Читаем печатное воззвание к вооруженному восстанию. Касаткин рассказывает:
– Был я в типографии Сытина. Пришли туда неизвестные люди, приказали всем оставаться на местах, и при них было напечатано это воззвание. Среди рабочих обнаружили сыщика. С него была снята фотография, а затем его отпустили с таким напутствием: «Вы не хотели быть честным человеком, на этот раз мы вас отпускаем, но если еще раз появитесь в нашей среде, то вам будет плохо».
Расходились мы около двенадцати часов.
Землю покрывал мелкий снежок. Зловещая тишина, пустынно.
Вдруг раздался один, другой пушечный удар в стороне дома училища Фидлера, за Мясницкой улицей, где в это время происходил митинг. Впоследствии один из товарищей, бывший тогда на митинге, описывал события так.
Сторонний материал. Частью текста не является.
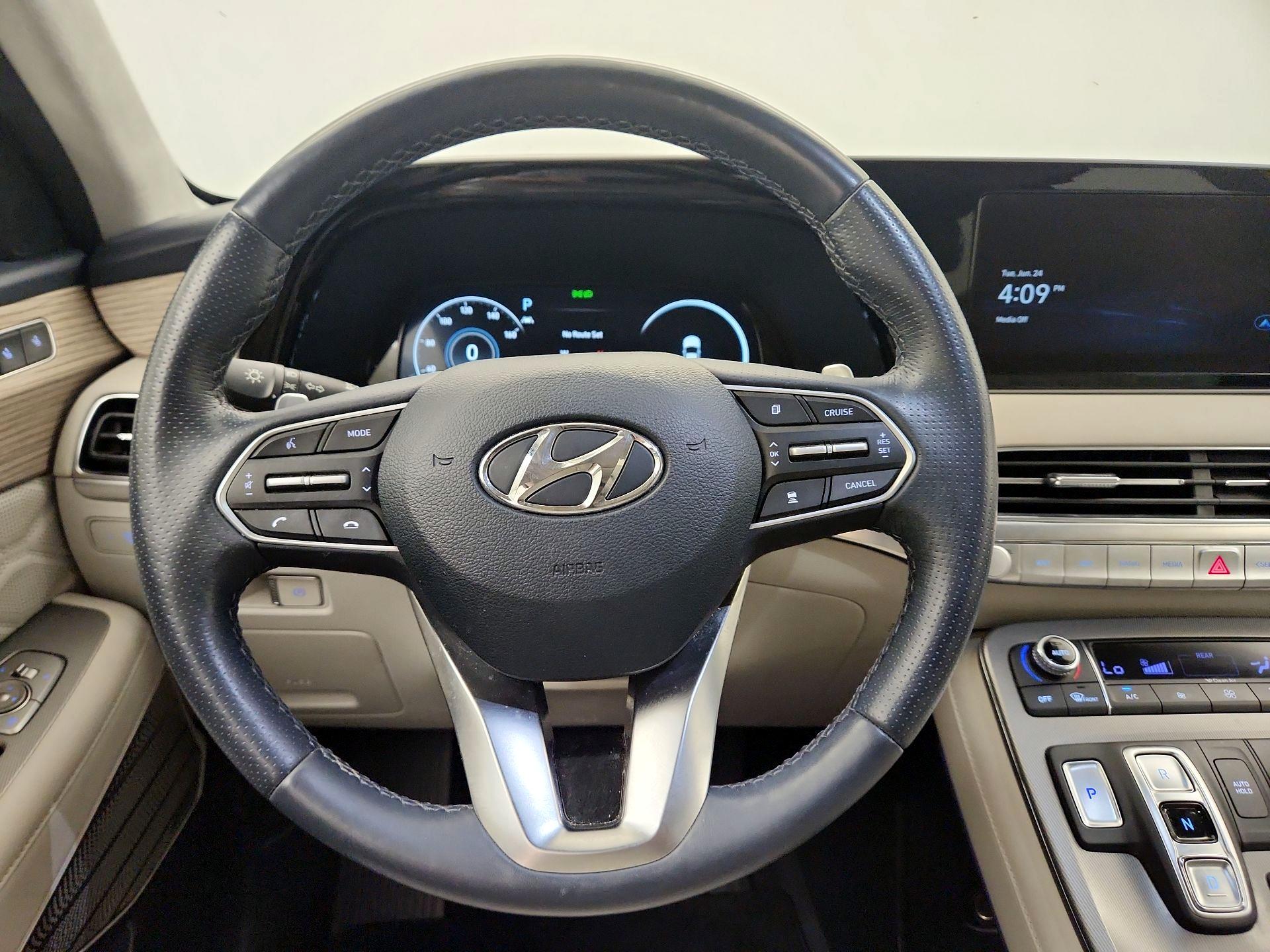 Thumbnail: 2022 Hyundai Palisade - 10
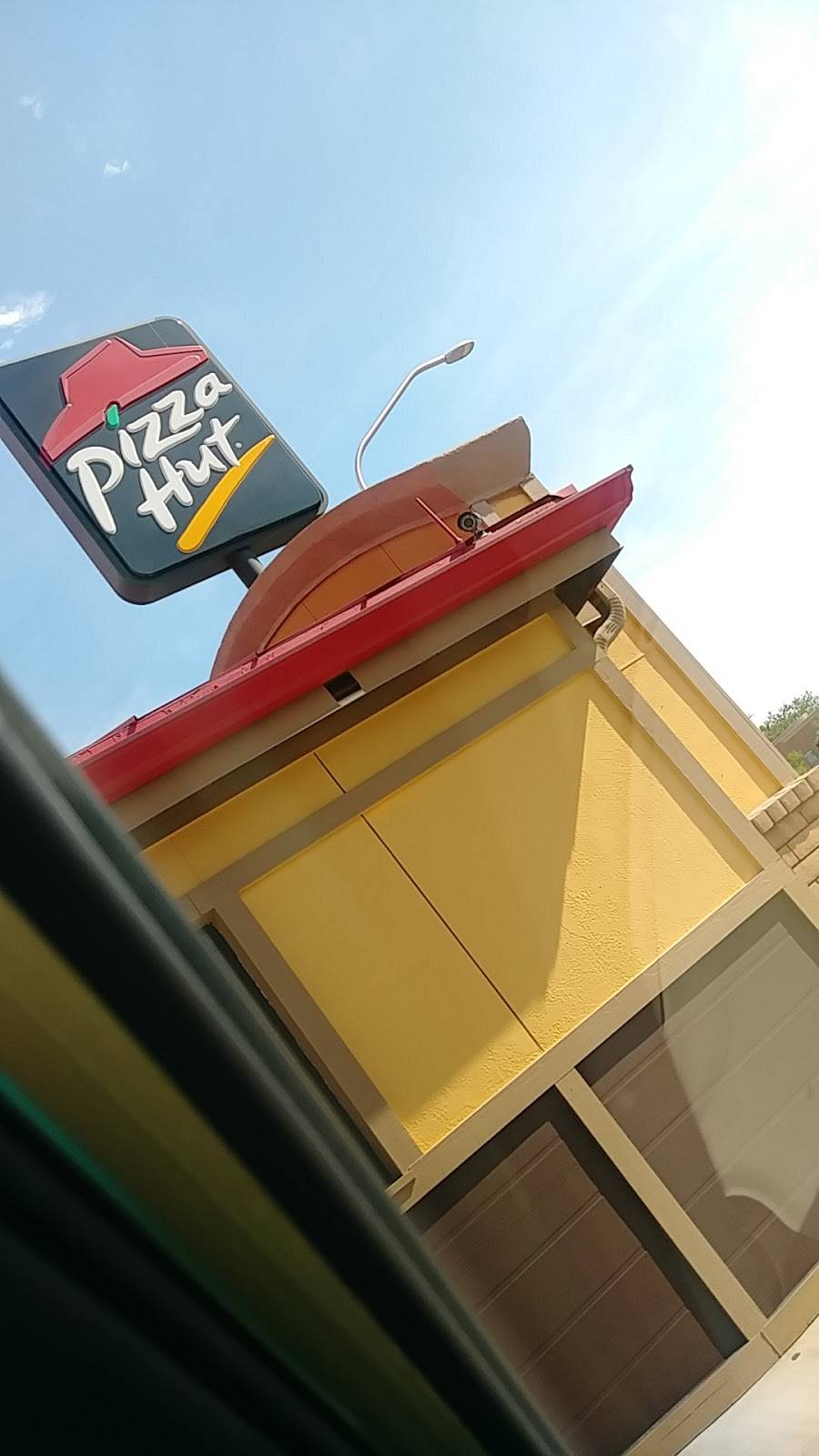 Pizza Hut | meal takeaway | 1492 N Main St, Las Cruces, NM 88001, USA | 5755240953 OR +1 575-524-0953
В эту ночь в доме Фидлера собралось человек триста. На митинге говорили о том, что надо идти и взять Кремль. У многих были револьверы, сам рассказчик принес узелок, в котором были бомбы. Вскорости дом был окружен войсками, и напротив была поставлена пушка. Воинский отряд потребовал сдаться, и несколько солдат пытались проникнуть на лестницу, но побоялись подняться выше, так как им угрожали вооруженные участники митинга. Во двор из окон дома было сброшено несколько бомб. Тогда протрубила два раза труба и ударила пушка. С потолка посыпалась штукатурка, стало очевидным, что сопротивление невозможно, и решено было сдаться. Но только что вышли на улицу, как увидели, что на них скачут конные солдаты с обнаженными шашками. Всех вышедших из дома окружили цепью и повели в Бутырскую тюрьму.